Of course we already have such a format today: dis.Bytecode. But it doesn't quite solve the problem, for three reasons:

 * Not accessible from C.
 * Not mutable, and no assembler.

 * A few things (mainly jump arguments) are still in terms of bytecode bytes.

But fix that, and we have a format that will be unchanged with wordcode, and that can work out of the box in MicroPython (which has a not-quite-CPython bytecode format), and so on. I think if we do that for 3.6, then it's plausible to consider wordcode for 3.7.
And, fix it well enough, and it also solves the problem I brought up a few weeks ago (http://article.gmane.org/gmane.comp.python.ideas/38431): if PEP 511 is going to provide a builtin API for registering bytecode processors, we should make it feasible to write them.

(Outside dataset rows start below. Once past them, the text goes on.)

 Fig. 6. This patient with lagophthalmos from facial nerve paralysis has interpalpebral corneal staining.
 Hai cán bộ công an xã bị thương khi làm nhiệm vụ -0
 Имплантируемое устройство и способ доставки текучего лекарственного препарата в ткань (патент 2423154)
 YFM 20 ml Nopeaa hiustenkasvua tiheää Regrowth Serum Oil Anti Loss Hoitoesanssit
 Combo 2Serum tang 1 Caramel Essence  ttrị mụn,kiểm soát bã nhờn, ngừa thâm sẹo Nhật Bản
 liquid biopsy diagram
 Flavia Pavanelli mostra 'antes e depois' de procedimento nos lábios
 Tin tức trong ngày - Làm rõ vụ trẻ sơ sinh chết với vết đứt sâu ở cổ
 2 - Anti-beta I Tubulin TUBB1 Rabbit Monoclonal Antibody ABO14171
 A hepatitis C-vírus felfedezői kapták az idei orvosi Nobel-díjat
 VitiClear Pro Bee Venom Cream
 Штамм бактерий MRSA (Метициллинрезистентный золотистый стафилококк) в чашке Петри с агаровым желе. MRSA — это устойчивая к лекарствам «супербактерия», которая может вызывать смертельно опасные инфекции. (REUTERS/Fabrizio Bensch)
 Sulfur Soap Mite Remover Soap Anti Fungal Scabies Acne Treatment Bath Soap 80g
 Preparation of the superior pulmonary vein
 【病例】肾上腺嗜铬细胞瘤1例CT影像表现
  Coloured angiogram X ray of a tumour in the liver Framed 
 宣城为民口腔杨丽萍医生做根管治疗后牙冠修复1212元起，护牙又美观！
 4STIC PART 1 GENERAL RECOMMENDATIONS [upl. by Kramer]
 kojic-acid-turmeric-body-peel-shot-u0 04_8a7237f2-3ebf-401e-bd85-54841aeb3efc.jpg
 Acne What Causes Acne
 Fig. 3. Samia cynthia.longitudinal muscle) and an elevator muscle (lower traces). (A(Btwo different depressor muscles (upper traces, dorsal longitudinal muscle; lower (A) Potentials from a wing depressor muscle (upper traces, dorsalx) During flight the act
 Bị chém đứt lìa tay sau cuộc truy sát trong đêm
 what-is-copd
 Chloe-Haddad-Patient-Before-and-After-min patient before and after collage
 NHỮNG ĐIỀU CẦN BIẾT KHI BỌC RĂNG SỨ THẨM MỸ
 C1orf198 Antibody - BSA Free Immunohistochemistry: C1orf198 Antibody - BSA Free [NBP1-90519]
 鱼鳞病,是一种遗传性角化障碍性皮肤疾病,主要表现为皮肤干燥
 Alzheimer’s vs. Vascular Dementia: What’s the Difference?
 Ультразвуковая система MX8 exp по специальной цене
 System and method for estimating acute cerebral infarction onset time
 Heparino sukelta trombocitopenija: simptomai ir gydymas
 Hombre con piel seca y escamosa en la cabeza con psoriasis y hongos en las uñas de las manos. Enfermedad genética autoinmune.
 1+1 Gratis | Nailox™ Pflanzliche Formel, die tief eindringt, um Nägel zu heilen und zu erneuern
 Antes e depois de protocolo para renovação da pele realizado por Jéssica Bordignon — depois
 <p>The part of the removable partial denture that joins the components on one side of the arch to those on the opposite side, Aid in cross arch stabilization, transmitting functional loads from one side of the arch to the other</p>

I have a somewhat complete proposal (at http://stupidpythonideas.blogspot.com/2016/02/a-standard-assembly-format-for-python.html), but until I actually implement it, most people should only care about this summary:

 * Iterable of (opcode, argval [, line [, ...]]) tuples. The argval is the actual global name, constant value, etc., not the encoded index, etc. For jumps, the argval is just the target instruction itself. The existing dis.Bytecode (with a few minor changes) already fits this type--but so does, say, a list of 3-tuples, which we can much more easily build in C.

 * The assemble function from compile.c doesn't need that much work to convert it into a PyCode_Assemble/dis.assemble that takes such an iterable (plus optional name, filename, and first_line) and generates a code object. The compiler can then use the same function as pure Python code. And PyCode_Assemble is the only new C API function needed.

 * We already have a disassembler for this format in the stdlib since 3.4. It does need a few minor changes, and there are a few simple extensions that I think are worth adding (like making Bytecode a MutableSequence), but that's it.

 * Assuming the assembler drops NOPs, we can use NOPs as pseudo-instructions for when you want byteplay-like Label and SetLineNo. The disassembler can optionally even generate them. So, we don't need explicit pseudo-instructions.

 * Any higher-level representations, like a graph of blocks with edges for the jumps between them, are easy enough to build on top of the dis representation (and to flatten back into that representation), so we don't need anything more complicated in the stdlib.